_EXERCISE INSTRUCTIONS_
Please write out every line of the listing without alteration, but omit the images.

_PROVIDED MATERIAL_
=== Section Start ===

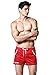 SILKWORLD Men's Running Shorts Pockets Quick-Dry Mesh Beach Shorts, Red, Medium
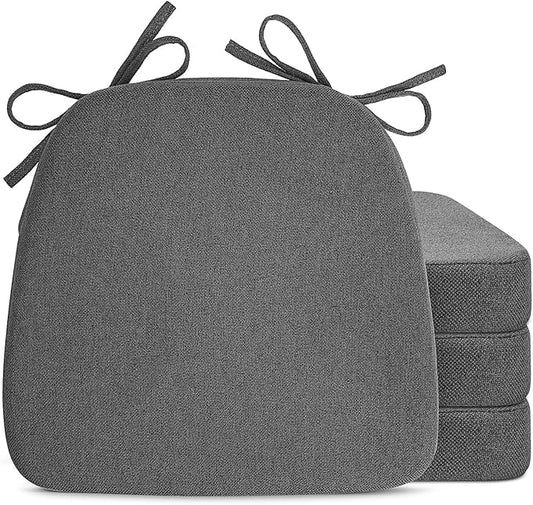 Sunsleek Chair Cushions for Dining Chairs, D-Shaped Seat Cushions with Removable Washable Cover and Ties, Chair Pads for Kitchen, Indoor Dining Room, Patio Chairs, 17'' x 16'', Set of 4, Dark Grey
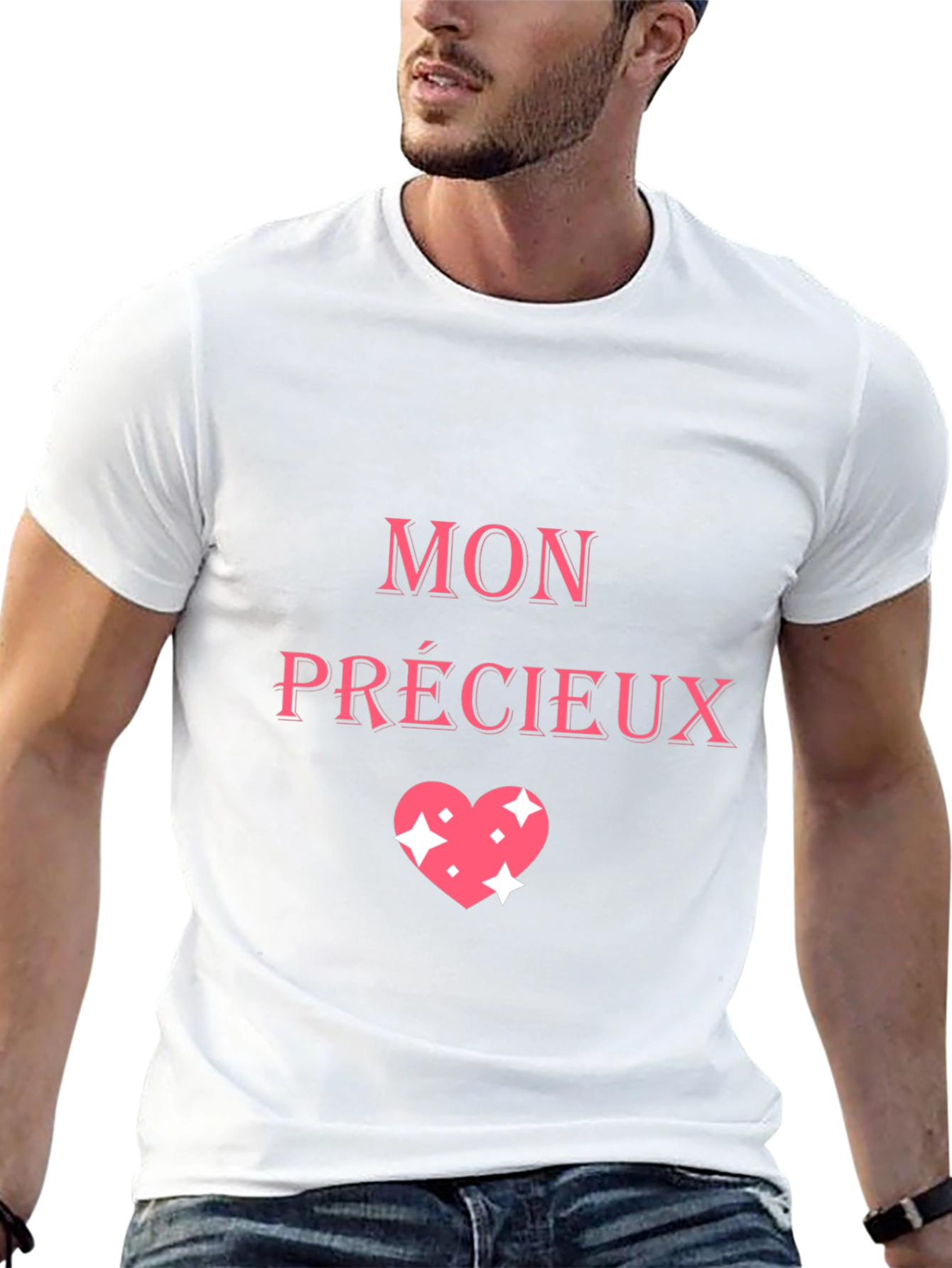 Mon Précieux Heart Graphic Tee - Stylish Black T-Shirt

=== Section End ===

_RESULT OF THIS EXERCISE_
 SILKWORLD Men's Running Shorts Pockets Quick-Dry Mesh Beach Shorts, Red, Medium
 Sunsleek Chair Cushions for Dining Chairs, D-Shaped Seat Cushions with Removable Washable Cover and Ties, Chair Pads for Kitchen, Indoor Dining Room, Patio Chairs, 17'' x 16'', Set of 4, Dark Grey
 Mon Précieux Heart Graphic Tee - Stylish Black T-Shirt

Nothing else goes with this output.